= Australian Dung Beetle Project =

Scientific research and biological control project

The Australian Dung Beetle Project (1965–1985), conceived and led by George Bornemissza of the Commonwealth Scientific and Industrial Research Organisation (CSIRO), was an international scientific research and biological control project using introduced species with the primary goal to control the polluting effects of cattle dung.

==Background and inception==
Upon his arrival to Australia from Hungary in 1951, Dr Bornemissza, an entomologist and ecologist, noted that Australian farmland was covered in a large number of cattle dung pads. This was in contrast to the fields of Europe where the dung was removed and recycled back into the soil by various species of dung beetle (coprids). Native Australian species of beetle had co-evolved alongside marsupials such as the kangaroo and wombat, which produce small, hard, dry and fibrous pellets of dung. Cattle were relatively recently introduced to Australia by European settlers with the First Fleet in 1788 carrying a small herd of two bulls and seven cows. In the early 1800's cattle production greatly increased.

Cattle produce large, soft, moist dung pads. Native beetles, with a few exceptions, are not adapted to utilise this type of dung as a food source or breeding ground and so without such fauna, the dung pads remain on the pasture and take months or even years to decompose. Cattle will not feed from the area of rank pasture surrounding the dung pad, and with the large quantity of dung produced (up to 12 pads per animal per day), this reduces the area of land available for cattle grazing by as much as 200000 ha per year. Cattle dung is also a primary breeding ground for several pestilent species of fly and parasitic worm.
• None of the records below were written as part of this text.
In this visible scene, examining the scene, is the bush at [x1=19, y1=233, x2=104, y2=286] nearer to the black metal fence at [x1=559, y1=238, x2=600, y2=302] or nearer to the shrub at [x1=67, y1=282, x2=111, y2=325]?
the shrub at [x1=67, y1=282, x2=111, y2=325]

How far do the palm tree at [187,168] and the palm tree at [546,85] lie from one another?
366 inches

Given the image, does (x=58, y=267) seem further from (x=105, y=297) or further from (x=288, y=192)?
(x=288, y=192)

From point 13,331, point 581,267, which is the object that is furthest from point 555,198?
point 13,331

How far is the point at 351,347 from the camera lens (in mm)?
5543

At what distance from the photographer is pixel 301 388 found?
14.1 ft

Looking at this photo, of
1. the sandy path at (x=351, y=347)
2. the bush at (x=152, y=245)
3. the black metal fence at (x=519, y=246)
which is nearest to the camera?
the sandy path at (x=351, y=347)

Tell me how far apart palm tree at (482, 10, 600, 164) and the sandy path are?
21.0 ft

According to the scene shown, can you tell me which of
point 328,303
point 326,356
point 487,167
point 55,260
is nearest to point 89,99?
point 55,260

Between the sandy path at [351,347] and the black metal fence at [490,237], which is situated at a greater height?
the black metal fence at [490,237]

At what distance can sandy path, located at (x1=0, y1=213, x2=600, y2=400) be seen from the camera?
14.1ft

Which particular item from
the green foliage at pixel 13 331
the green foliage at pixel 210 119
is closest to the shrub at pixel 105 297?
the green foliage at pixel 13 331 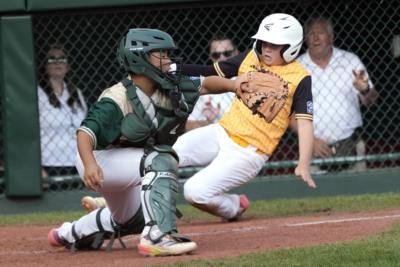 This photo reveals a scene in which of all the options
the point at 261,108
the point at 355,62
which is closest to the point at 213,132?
the point at 261,108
Bornemissza suggested in 1960 that the introduction to Australia of foreign dung beetle species, which had co-evolved alongside bovines and large herbivores, would be beneficial in removing the dung, thus improving cattle grazing and nutrient recycling and reducing the number of flies and worms.

== Aims of the project ==

The overall aim of the Australian Dung Beetle Project was to establish a "minifauna", that is, a subsection of the natural dung beetle fauna, of introduced dung beetles on the Australian mainland and in Tasmania. Once introduced, dung beetles in Australia were studied in order to determine their effects on:

- Soil quality
  Experiments were carried out in South Africa to assess the rate at which dung beetles returned dung to the soil to aid nutrient recycling. It was found that dung beetles returned over 90% of the faecal nitrogen excreted by each steer during the summer grazing season. Further experiments showed that the uptake of the essential minerals nitrogen, phosphorus and sulphur in plants was over 80% greater in soils where dung beetles were active compared to those where they were not. In addition, tunnelling dung beetles assist root penetration and improve water infiltration to the soil, thereby reducing runoff which can lead to the pollution of waterways

- Fly control
  Introducing dung beetles as a means to control fly populations was first utilised in Hawaii as a biological control against the horn fly (Haematobia irritans irritans). It was found that 96% fewer flies emerged from dung pads in open pastures with a dung beetle fauna in Hawaii compared to controls. It was surmised that the introduction of dung beetles to Australia would also have a reducing effect on the number of bush flies (Musca vetustissima) and the blood-sucking buffalo fly (Haematobia irritans exigua). In addition to dung beetles, predacious beetles of the Histerid family, which are less sensitive to changes in soil moisture, were introduced to Australia as another means of controlling fly populations during periods of relative inactivity by dung beetles. However, these beetles were found to make little difference to the abundance of flies, so their introduction was discontinued in 1971.

- Worm control
  In experiments in Pretoria, dung beetles were shown to be effective at controlling infective worm populations breeding in dung. The activity of a complex of at least 20 species of coprid in cattle and sheep dung produced an average reduction of 85% of worms.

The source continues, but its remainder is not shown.